►

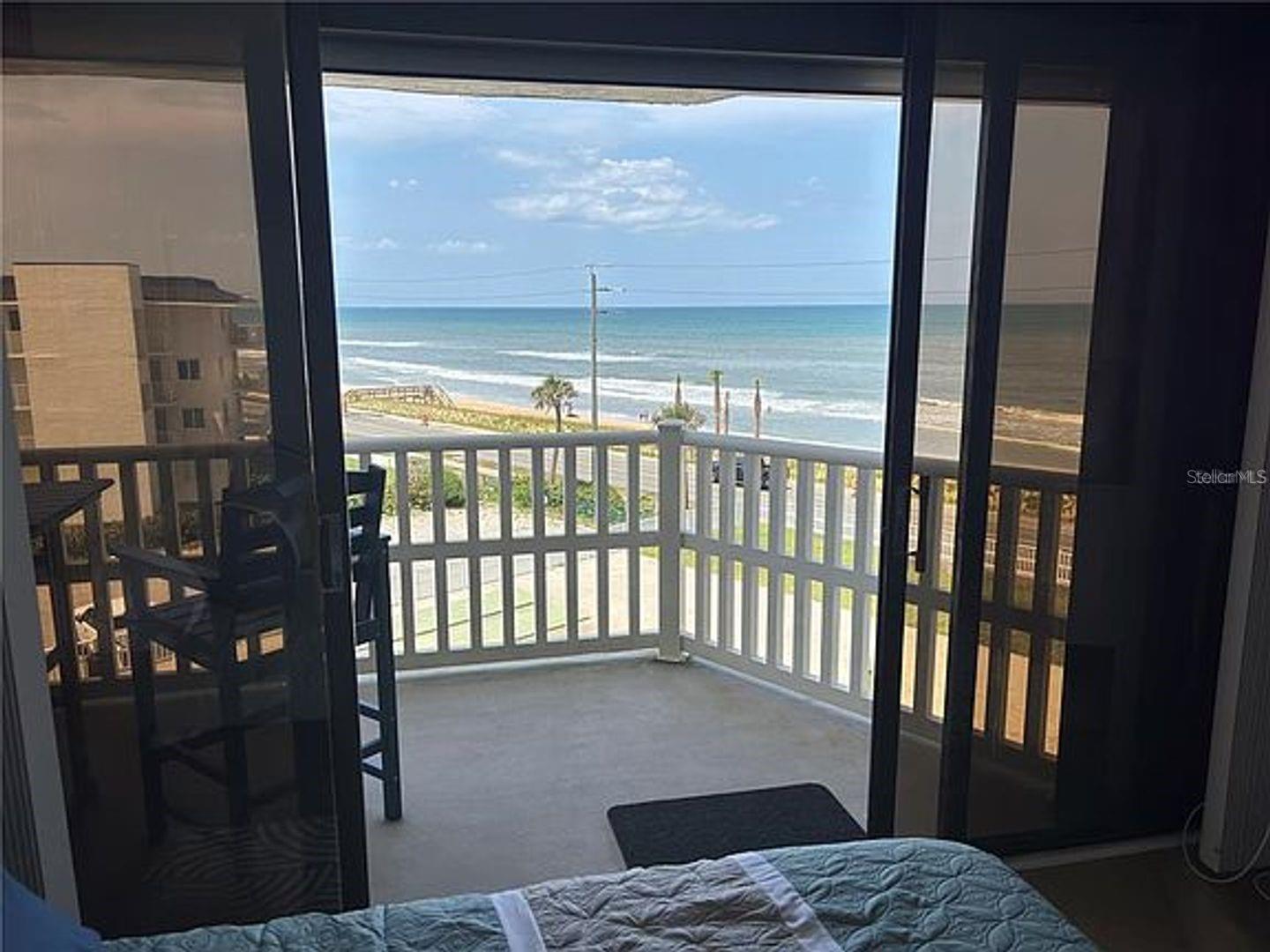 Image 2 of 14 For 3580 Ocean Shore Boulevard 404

◄
►

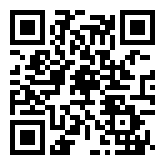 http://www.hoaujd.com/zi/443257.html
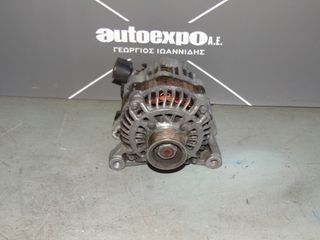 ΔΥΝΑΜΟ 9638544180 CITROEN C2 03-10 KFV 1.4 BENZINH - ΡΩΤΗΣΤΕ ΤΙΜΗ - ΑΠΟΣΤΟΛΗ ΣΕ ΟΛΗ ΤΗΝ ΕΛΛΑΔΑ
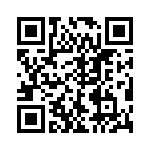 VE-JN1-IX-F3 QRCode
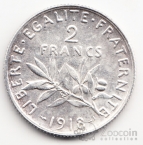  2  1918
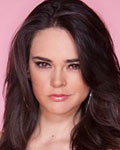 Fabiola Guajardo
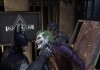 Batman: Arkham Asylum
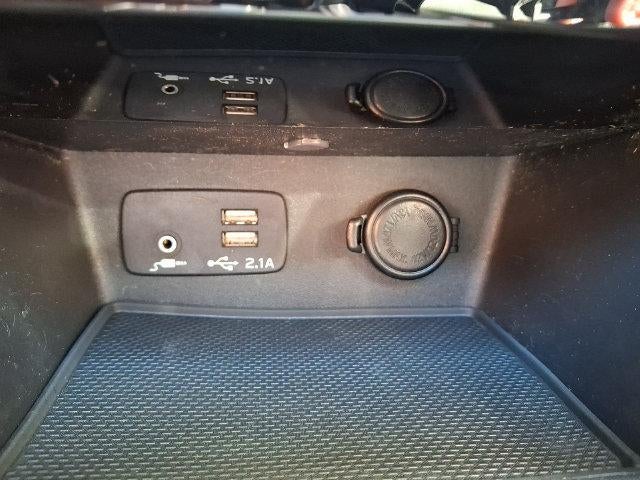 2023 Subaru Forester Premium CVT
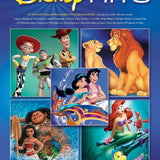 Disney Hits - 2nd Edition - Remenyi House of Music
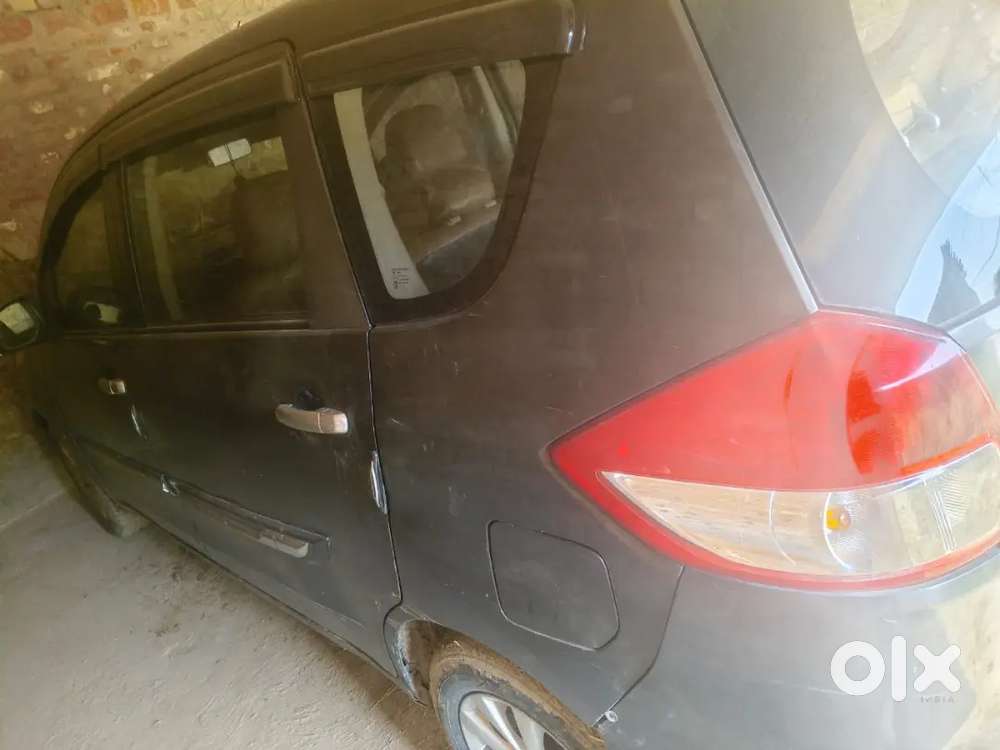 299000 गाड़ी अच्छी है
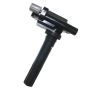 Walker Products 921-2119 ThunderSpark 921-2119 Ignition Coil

◄

TO DO
Output should consist of the lines above from the one with "ΔΥΝΑΜΟ 9638544180 CITROEN" down to the one with "299000 गाड़ी अच्छी है", exact and without pictures.

TASK RESPONSE
 ΔΥΝΑΜΟ 9638544180 CITROEN C2 03-10 KFV 1.4 BENZINH - ΡΩΤΗΣΤΕ ΤΙΜΗ - ΑΠΟΣΤΟΛΗ ΣΕ ΟΛΗ ΤΗΝ ΕΛΛΑΔΑ
 VE-JN1-IX-F3 QRCode
  2  1918
 Fabiola Guajardo
 Batman: Arkham Asylum
 2023 Subaru Forester Premium CVT
 Disney Hits - 2nd Edition - Remenyi House of Music
 299000 गाड़ी अच्छी है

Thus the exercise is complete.